PROBLEM TO SOLVE> Below is a listing with pictures in it. Copy it exactly without them.

━━━━━━━━

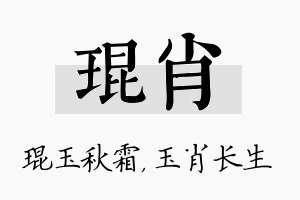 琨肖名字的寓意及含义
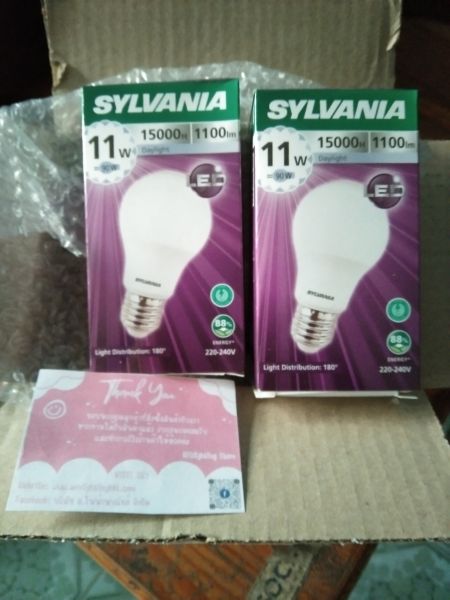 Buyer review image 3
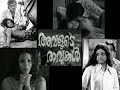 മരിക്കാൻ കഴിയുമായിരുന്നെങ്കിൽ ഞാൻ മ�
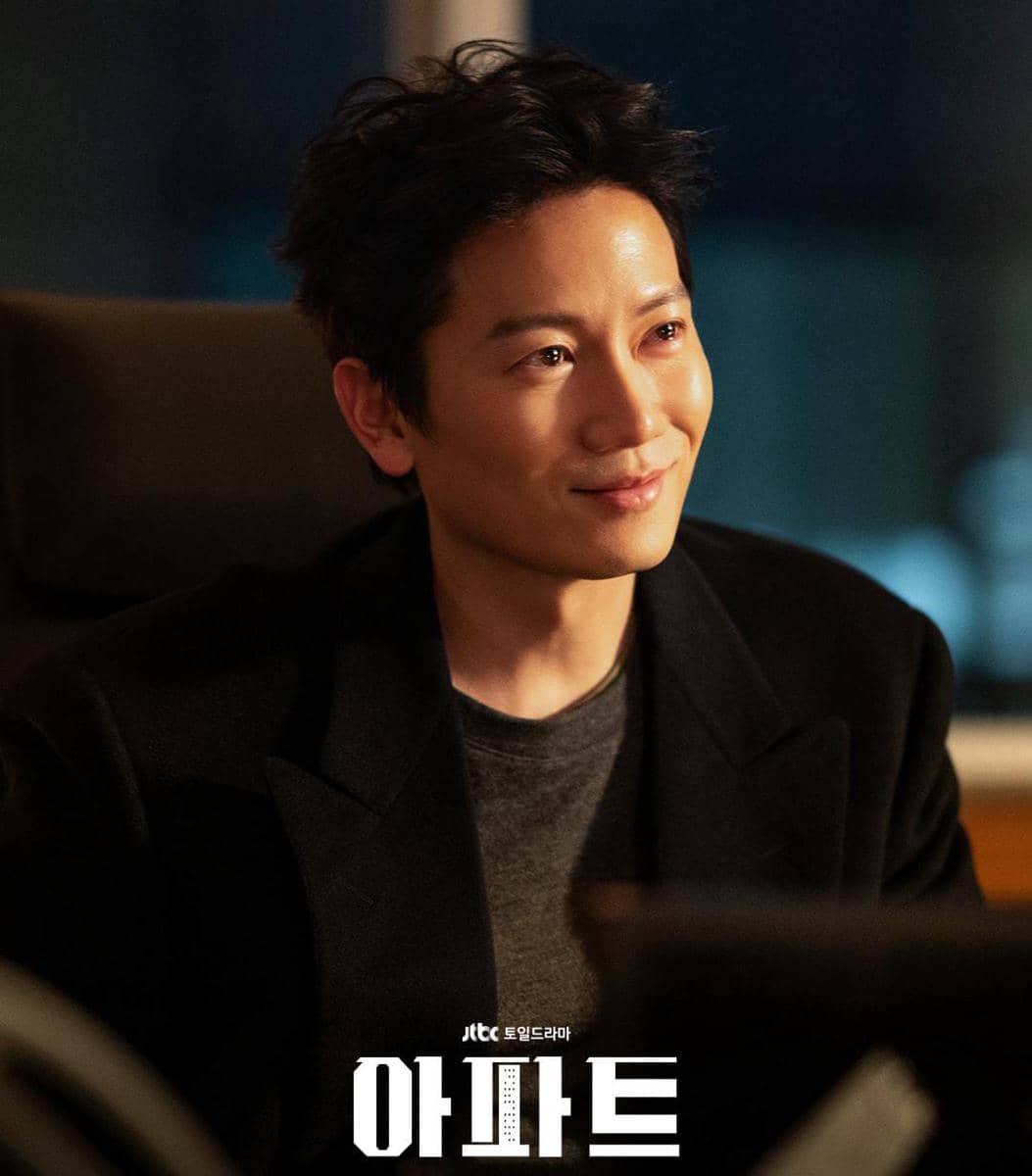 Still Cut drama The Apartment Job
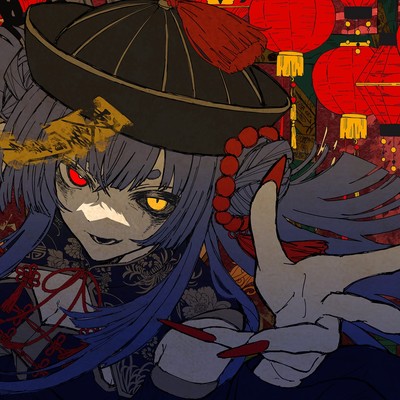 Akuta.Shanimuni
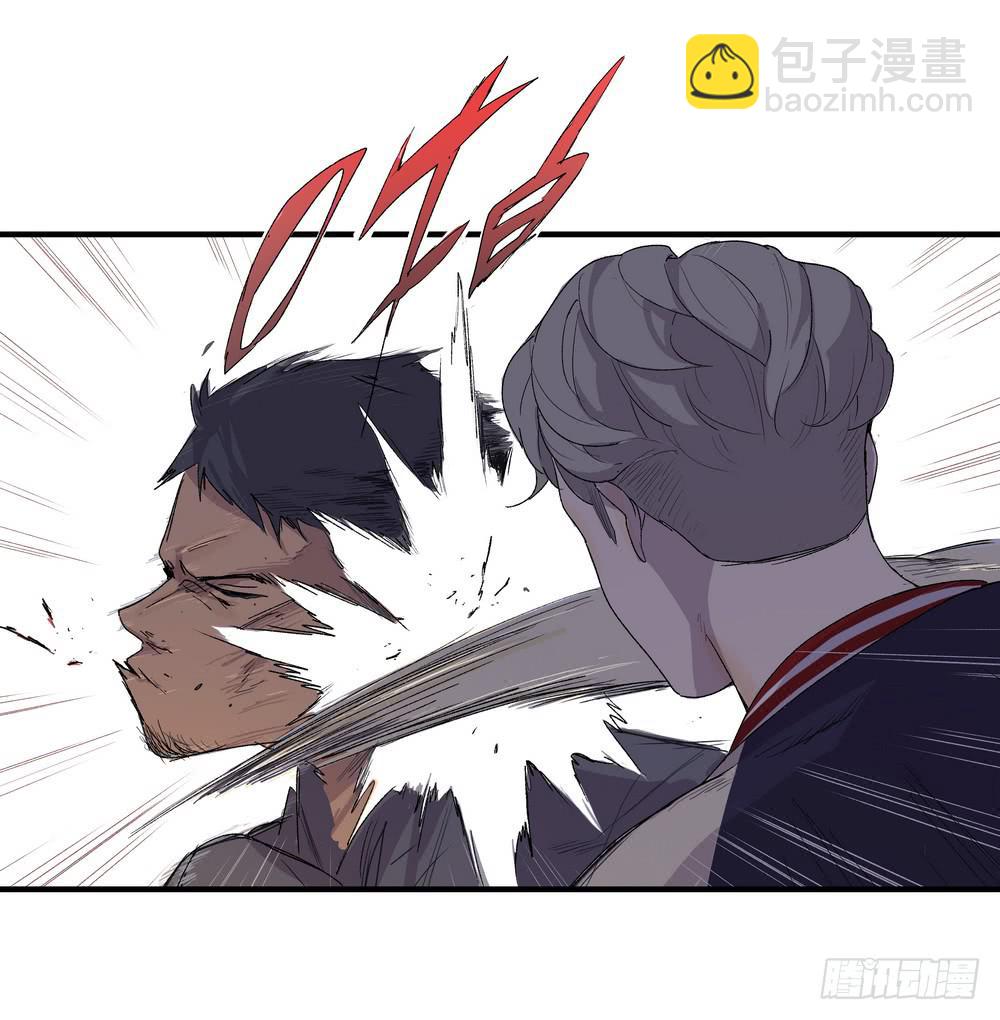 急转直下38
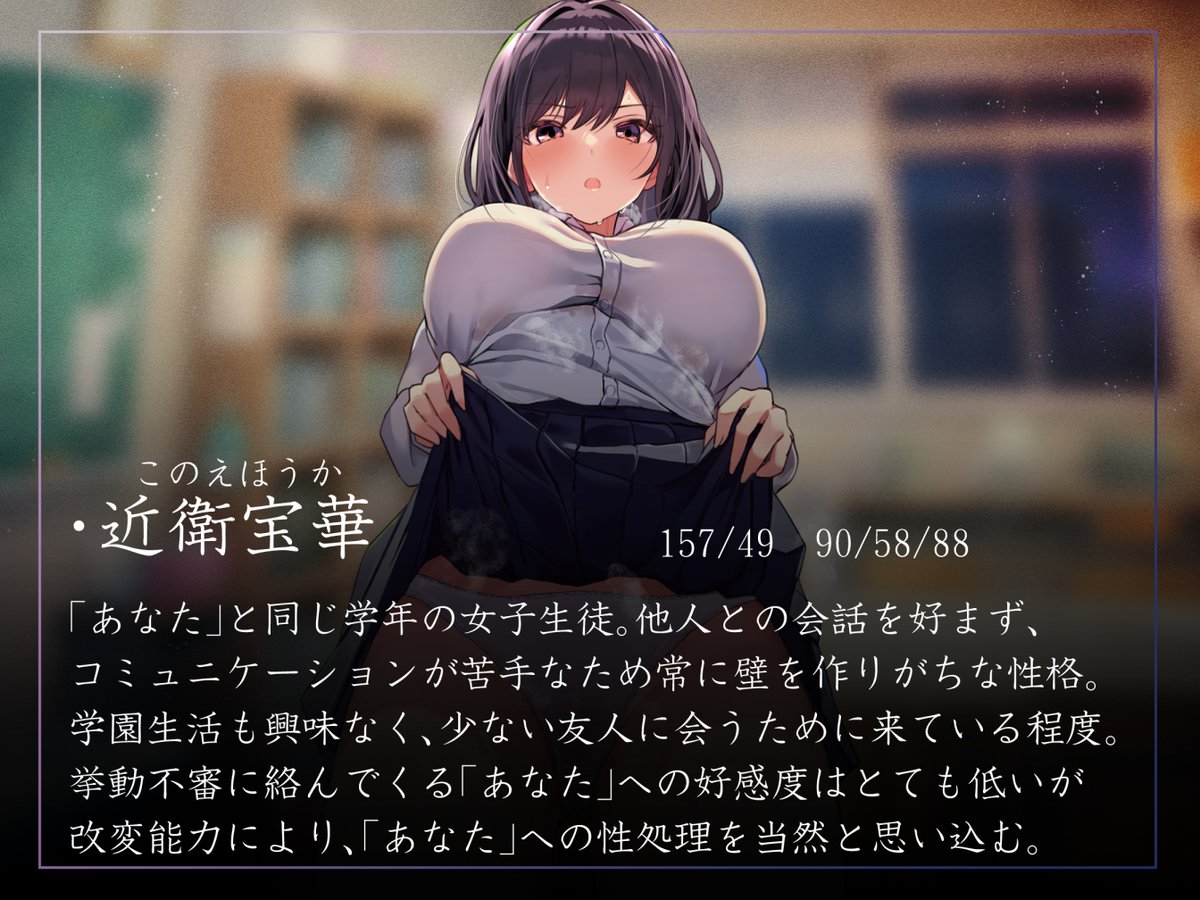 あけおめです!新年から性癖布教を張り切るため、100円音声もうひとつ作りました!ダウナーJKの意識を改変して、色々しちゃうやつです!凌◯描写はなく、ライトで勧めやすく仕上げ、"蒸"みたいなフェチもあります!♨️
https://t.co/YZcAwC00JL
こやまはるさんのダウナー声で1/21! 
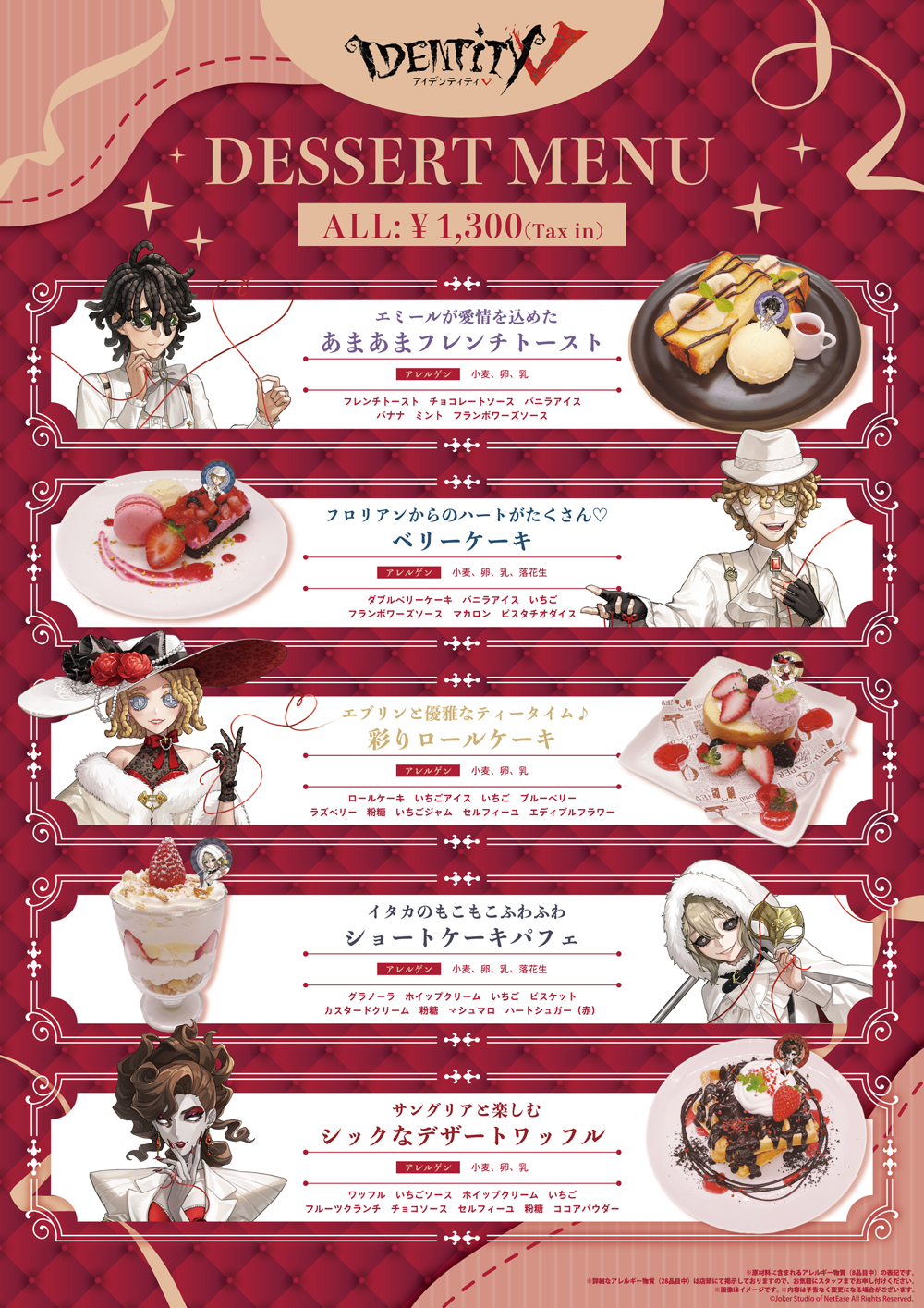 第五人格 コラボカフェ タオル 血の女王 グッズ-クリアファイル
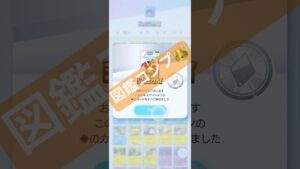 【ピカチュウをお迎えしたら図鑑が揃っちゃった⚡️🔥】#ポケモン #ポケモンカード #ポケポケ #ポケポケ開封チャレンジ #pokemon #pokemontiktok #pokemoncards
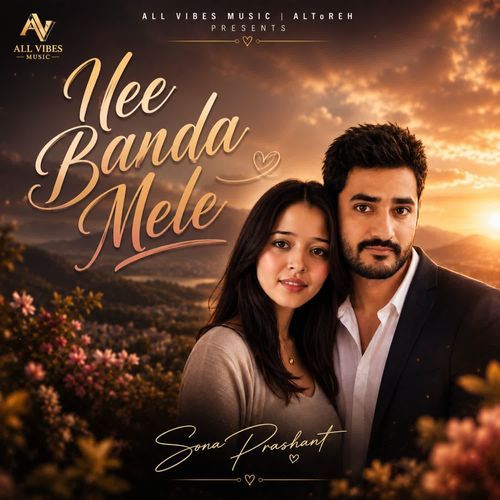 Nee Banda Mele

━━━━━━━━

OUTPUT BELOW>
 琨肖名字的寓意及含义
 Buyer review image 3
 മരിക്കാൻ കഴിയുമായിരുന്നെങ്കിൽ ഞാൻ മ�
 Still Cut drama The Apartment Job
 Akuta.Shanimuni
 急转直下38
 あけおめです!新年から性癖布教を張り切るため、100円音声もうひとつ作りました!ダウナーJKの意識を改変して、色々しちゃうやつです!凌◯描写はなく、ライトで勧めやすく仕上げ、"蒸"みたいなフェチもあります!♨️
https://t.co/YZcAwC00JL
こやまはるさんのダウナー声で1/21! 
 第五人格 コラボカフェ タオル 血の女王 グッズ-クリアファイル
 【ピカチュウをお迎えしたら図鑑が揃っちゃった⚡️🔥】#ポケモン #ポケモンカード #ポケポケ #ポケポケ開封チャレンジ #pokemon #pokemontiktok #pokemoncards
 Nee Banda Mele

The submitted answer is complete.